Especificar exatamente de onde ele é pode ser complicado. Ele é sul-africano. Mas é chinês. E tem uma pitada de australiano. Em resumo, é nascido na China, naturalizado na África do Sul e morou três anos na Austrália. Fala chinês e inglês como primeiras línguas. Aprendeu um pouco de africâner nos últimos anos do colegial para poder se formar. Mora há quase dois anos no Brasil, onde está aprendendo português - com grande sucesso, digo com orgulho - na marra.
Nossos pontos de encontro são no português e no inglês. Mais freqüentemente inglês, já que sou mais fluente na língua do que ele em português. Mas a convivência no dia-a-dia e com colegas e família que não falam inglês fez com que criássemos nossa própria sub-língua. Um híbrido de português e inglês que é totalmente compreensível por quem fala as duas línguas mas soa coisa de gente doida para quem só fala uma das duas.
A globalização começa em casa. Pelo menos na minha. |
Incluir palavras de uma língua durante uma frase na outra foi apenas a fase inicial do processo. "Can you please pass me that caderninho?" e "Me help com isso, please?".

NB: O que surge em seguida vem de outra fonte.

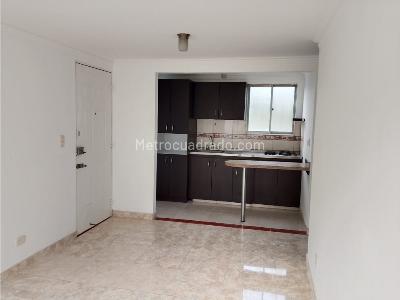 Apartamento de 3 alcobas en venta en Castilla, Manizales, 60 m² · foto 2 de 20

Sem que percebêssemos, uma palavra se tornou várias e começar uma frase em uma língua e terminar em outra passou a ser normal. "I'll have class até umas cinco da tarde".
O momento de reconhecimento de que aí havia surgido uma nova sub-língua se deu quando o namorado, perguntado sobre o horário de sua próxima aula, respondeu com total naturalidade: "It's seven e meia".
Para quem fala as duas línguas, frases como essa passam na maioria das vezes por despercebido. Apenas às vezes percebemos quando falamos assim. Mas para quem não fala as duas, são momentos engraçados de se assistir.
Um episódio desses se passou quando namorado conversava com nossa chefe e a irmã dela (que não fala inglês). Bons dez minutos de conversa, namorado vai embora. Mais tarde, nossa chefe vem rindo. Diz que assim que ele saiu, a irmã desatou a dizer que tinha entendido apenas metade da conversa. Que volta e meia ela prestava atenção na fala dele e de repente ele soltava metade da frase em inglês - e aí ela boiava. Nossa chefe não percebeu.
Outro episódio engraçado é quando namorado conversa por voz com os amigos de jogo online dele. São todos americanos (estadunidenses, como preferir) ou canadenses. Então lá estão eles, no meio de uma fase difícil, e namorado solta um "Que é isso, dude?". Nos segundos de silêncio que se seguem dá para sentir a interrogação gigante pairando no ar "Que diabos ele disse?".
Os mais puristas diriam que estamos assassinando nossas línguas. Como ex-futura-lingüista, adoro registrar estes momentos de "deslize" (não gosto de chamá-los assim) e me divertir com eles.
Aí vocês me perguntam: E quanto ao chinês? Eu digo que será preciso (muita) paciência para que eu chegue lá. Mas um dia, quem sabe, daqui a alguns anos, seja preciso falar três línguas para conseguir entender tudo o que a gente fala.